Join fellow conference attendees on the evening of Friday, November 8 at 6:30 p.m. for a screening of the documentary “Nickel City Smiler.” Popcorn and refreshments will be served during this movie night program! After the screening, conference attendees will be able to participate in a discussion about advocacy and the refugee experience. We hope to see you there! Please see the description below from the film’s creators to learn more about the film:
Nickel City Smiler chronicles a refugee’s fight for survival and hope in the American rustbelt.
In Burma, Smiler Greely fought against the brutal military government, who attacked, tortured, raped and murdered thousands of the country’s ethnic minorities. After spending more than 20 years in the confinement of a refugee camp, Smiler and his family were selected for resettlement in the United States and assigned to live in Buffalo, New York.
Nickel City Smiler documents the struggles Smiler’s family and the refugee community encounter on the streets of one of America’s poorest cities. Forced to fight against poverty, violence and bureaucracy, Smiler battles for the hope and hearts of his people.
About Sheryl Fried:
After a successful and satisfying career in an unrelated field, Sheryl followed her passion for teaching English to immigrants and refugees by embarking on a second career in Adult Basic Education. For five years ending August of 2013, Sheryl was the Education Program Manager at MORE, a nonprofit community-based organization located in St. Paul and a member of the St. Paul Community Literacy Consortium. Due to the demographics of its neighborhood and its collaboration with the nearby Karen Organization of Minnesota, approximately 90% of MORE’s 400 enrolled learners in 2013 were Karen refugees who arrived in the U.S. after spending years in Thai refugee camps. Their literacy levels varied from non-literate to 10th grade, but the vast majority who enrolled in MORE’s education program had little to no prior formal education.
Barriers to learning are many, including past and present experiences of trauma, poverty and its related financial and familial stressors, moving quickly into low skilled jobs of short duration that result in bursts of classroom attendance, lack of child care for the non-working spouse, being older in age, and lack of safe and convenient transportation.
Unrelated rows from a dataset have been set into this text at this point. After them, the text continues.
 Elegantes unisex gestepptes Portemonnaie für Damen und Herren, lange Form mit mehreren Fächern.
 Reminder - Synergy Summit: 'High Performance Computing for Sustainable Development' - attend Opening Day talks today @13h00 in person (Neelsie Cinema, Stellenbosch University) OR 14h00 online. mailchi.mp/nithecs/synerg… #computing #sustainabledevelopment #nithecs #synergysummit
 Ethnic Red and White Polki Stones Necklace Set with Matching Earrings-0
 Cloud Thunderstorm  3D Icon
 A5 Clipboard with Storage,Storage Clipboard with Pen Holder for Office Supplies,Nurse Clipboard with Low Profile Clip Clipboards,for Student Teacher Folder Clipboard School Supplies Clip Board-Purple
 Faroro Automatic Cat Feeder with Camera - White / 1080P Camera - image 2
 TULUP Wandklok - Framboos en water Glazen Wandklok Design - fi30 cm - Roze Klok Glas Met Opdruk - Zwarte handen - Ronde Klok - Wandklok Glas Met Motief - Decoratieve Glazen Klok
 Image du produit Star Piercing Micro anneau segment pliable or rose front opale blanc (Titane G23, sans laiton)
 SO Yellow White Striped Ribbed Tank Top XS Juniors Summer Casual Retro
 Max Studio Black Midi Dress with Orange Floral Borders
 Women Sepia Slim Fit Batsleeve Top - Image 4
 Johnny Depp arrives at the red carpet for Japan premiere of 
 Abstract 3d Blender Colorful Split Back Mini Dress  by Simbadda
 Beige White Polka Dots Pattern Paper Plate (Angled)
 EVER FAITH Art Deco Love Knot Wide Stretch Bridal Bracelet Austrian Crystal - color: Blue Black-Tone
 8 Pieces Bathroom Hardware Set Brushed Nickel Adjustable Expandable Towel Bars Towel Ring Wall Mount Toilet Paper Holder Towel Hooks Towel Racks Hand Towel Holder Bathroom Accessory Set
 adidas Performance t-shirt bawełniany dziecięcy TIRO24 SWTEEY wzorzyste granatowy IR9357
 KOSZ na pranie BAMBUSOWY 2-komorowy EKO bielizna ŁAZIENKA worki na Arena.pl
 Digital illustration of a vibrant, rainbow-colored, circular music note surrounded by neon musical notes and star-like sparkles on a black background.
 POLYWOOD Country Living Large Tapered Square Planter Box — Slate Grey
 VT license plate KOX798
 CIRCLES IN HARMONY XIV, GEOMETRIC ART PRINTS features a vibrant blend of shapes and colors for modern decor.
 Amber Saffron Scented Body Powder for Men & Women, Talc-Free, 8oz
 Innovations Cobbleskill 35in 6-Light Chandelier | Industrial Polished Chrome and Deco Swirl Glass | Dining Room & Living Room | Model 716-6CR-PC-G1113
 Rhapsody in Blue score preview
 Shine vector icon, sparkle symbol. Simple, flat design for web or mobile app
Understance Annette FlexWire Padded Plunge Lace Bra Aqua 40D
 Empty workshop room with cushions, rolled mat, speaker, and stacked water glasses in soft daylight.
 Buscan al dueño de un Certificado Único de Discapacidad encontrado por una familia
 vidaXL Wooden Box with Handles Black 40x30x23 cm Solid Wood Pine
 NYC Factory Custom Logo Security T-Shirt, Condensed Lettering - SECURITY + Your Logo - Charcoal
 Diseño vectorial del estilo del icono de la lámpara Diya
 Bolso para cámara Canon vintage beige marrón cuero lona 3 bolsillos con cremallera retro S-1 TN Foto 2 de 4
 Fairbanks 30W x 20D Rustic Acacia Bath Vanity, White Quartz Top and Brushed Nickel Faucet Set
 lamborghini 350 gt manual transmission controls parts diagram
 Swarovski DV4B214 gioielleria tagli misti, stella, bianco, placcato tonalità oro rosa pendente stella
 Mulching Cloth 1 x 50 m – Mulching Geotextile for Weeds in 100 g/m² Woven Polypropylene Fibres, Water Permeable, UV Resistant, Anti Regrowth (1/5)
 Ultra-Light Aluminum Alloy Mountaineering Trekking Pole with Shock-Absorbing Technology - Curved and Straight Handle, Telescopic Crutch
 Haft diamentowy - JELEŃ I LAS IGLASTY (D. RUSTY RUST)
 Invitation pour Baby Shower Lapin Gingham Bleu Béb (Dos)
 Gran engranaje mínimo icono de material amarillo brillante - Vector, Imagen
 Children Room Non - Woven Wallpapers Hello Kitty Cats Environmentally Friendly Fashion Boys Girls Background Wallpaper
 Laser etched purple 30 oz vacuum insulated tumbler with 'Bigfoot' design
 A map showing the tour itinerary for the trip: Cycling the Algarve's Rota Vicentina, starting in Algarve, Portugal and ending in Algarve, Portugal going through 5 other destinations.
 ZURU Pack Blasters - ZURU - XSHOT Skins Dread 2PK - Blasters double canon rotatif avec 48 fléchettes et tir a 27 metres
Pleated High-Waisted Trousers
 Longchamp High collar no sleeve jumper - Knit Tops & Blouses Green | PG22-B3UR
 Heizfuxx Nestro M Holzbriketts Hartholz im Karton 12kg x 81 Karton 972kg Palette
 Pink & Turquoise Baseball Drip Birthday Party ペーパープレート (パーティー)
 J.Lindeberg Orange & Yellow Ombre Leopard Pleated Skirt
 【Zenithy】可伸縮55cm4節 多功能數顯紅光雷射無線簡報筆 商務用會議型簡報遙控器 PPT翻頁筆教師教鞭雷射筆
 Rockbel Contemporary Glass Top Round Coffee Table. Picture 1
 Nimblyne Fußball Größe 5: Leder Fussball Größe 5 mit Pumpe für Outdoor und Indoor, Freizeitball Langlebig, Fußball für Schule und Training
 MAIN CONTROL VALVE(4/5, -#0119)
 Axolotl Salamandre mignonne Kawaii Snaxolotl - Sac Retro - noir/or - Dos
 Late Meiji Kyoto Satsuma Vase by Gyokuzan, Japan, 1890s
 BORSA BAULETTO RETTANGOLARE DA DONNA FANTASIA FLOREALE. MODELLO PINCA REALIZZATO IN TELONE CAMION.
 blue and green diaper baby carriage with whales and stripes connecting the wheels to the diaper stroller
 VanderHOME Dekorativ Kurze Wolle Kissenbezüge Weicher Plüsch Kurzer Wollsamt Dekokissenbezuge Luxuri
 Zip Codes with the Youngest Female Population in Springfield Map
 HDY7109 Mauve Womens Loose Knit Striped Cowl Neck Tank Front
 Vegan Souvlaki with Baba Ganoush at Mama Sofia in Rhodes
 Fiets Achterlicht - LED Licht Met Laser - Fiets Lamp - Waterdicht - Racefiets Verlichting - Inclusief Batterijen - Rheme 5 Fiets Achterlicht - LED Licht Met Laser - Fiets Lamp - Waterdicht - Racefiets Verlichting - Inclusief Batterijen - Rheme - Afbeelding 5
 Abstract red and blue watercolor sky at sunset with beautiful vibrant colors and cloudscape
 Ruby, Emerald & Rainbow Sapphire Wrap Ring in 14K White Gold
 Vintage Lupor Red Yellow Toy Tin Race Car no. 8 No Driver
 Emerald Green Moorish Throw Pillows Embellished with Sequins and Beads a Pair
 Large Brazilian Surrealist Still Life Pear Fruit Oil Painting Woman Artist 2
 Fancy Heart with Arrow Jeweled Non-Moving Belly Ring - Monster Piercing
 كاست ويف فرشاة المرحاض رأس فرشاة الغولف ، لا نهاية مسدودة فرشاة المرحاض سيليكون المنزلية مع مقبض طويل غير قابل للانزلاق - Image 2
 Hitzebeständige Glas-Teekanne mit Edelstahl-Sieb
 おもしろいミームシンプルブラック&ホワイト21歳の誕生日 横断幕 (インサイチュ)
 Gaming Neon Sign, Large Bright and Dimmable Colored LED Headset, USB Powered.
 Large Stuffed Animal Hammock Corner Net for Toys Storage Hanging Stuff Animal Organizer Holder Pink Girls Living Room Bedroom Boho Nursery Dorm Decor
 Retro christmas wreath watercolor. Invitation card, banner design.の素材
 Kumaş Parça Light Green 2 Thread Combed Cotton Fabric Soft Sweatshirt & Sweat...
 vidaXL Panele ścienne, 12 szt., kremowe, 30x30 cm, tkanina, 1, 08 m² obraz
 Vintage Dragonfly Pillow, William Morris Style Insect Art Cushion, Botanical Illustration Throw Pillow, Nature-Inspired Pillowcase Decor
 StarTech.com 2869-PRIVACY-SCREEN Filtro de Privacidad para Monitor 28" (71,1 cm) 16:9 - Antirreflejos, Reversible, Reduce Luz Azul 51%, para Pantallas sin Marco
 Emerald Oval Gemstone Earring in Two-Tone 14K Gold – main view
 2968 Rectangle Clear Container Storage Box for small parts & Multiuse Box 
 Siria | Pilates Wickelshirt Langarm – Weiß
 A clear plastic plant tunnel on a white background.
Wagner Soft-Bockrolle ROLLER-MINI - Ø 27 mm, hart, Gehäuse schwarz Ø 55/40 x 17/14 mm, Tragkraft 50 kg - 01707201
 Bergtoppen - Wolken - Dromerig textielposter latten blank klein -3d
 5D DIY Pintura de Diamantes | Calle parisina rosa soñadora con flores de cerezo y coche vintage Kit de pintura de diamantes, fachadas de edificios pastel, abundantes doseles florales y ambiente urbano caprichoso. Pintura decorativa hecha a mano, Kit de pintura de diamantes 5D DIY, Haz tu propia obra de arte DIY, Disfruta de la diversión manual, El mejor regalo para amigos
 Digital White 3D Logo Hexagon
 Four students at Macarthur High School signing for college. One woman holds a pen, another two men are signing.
Despite these barriers, which are in no way unique to the Karen community, progress is made day by day and learner by learner through the hard work of skilled, dedicated and compassionate teachers and volunteers.
Sheryl is a graduate of the University of Minnesota’s College of Liberal Arts, has received Hamline University’s Certificate for Teachers of Adult ESL, and is working toward Hamline University’s M.A. in English as a Second Language.